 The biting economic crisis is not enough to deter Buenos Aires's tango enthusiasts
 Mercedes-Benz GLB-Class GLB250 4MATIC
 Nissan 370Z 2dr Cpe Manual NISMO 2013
_____
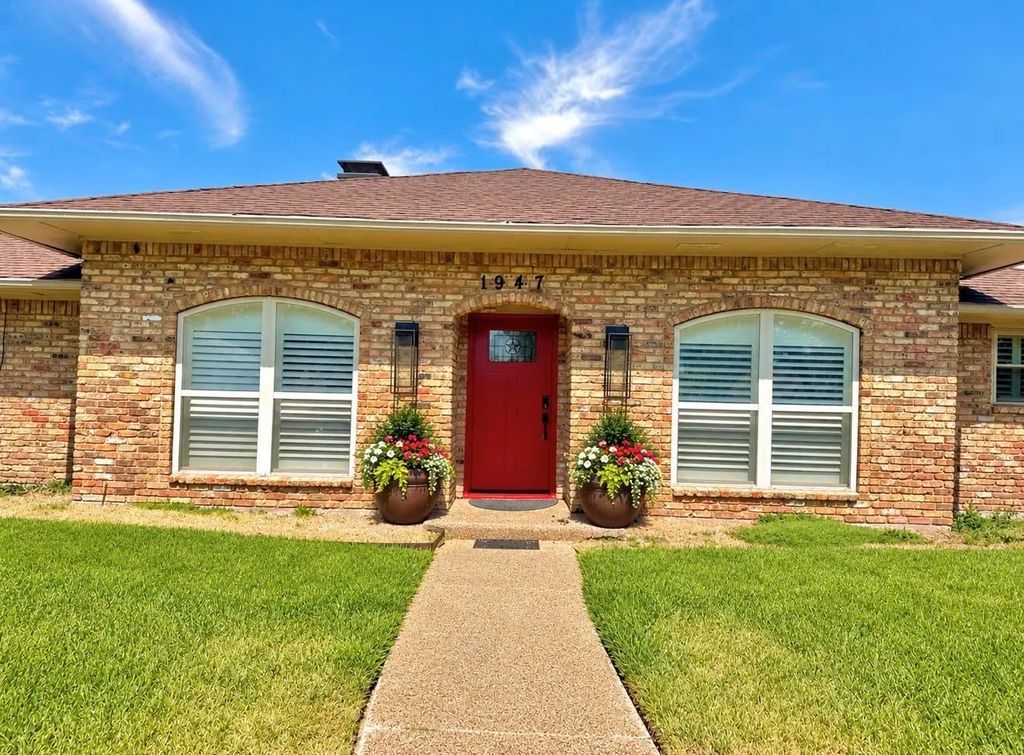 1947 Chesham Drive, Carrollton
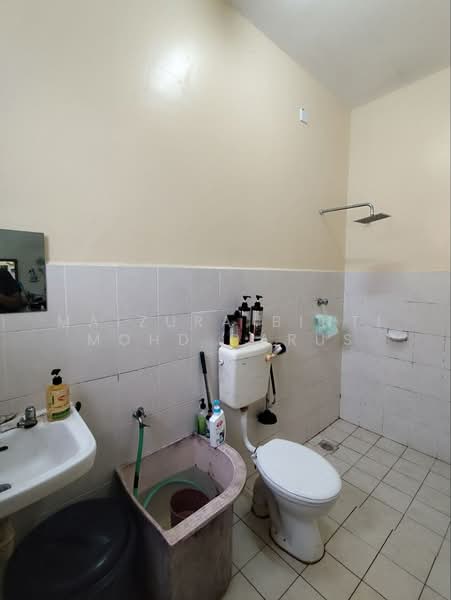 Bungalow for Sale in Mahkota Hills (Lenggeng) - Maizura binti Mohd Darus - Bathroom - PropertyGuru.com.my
_____
§ **TASK DETAILS**
Every line above from the one with "1947 Chesham Drive, Carrollton" down to the one with "Bungalow for Sale" must be written out exactly, and no picture may appear.

§ **WORKED SOLUTION**
 1947 Chesham Drive, Carrollton
 Bungalow for Sale in Mahkota Hills (Lenggeng) - Maizura binti Mohd Darus - Bathroom - PropertyGuru.com.my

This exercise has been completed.